Buyer agenda: Media planning has become increasingly significant. And while major brands are involved with many different media, few brands can afford to be in every possible medium. And there are specific vehicles within each medium that have priority for the buyer based on media planning parameters such as product/service usage habits, strategic target audience, lifestyle timing, geography, etc. A planner works hard to provide parameters for the buyer to take into account in negotiation. The reality is that some inventory will not make sense within some strategies at any price. And other inventory needs to be priced much more advantageously than a seller will want to price it for inclusion in the media mix. We’d love to make some big deals for what we want to buy at lower prices. But we don’t want to take on a lot of inventory that does not make sense for us.

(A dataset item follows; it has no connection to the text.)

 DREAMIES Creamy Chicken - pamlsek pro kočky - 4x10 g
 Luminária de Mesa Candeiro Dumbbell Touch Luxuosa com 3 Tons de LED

Recently, there have been big cross media deals made (OMD and Disney stands out). The question with a deal like this will be whether both sides can stay happy enough to renew after the first year. (Remember that in the first years of Web strategic alliance deals, over 90% of these deals were not renewed, according to Iconocast.) And, if one is to believe the press, AOL Time Warner and Vivendi Universal non-performance in this arena is contributory to their current corporate troubles.
It is interesting that in the face of a massive market downturn, individuals have been called to account for not personally making their company successful where others have failed. One of the issues with the big cross media deals is that each of the media tend to be in a different profit center and some of them may want to make a specific deal more than others based on their perspective and their relationship with the client or agency involved. This is further complicated by the fact that few individuals have experience in selling all of the media involved in such a deal, thus each specialist must be involved and trusted to do the right thing for their own medium.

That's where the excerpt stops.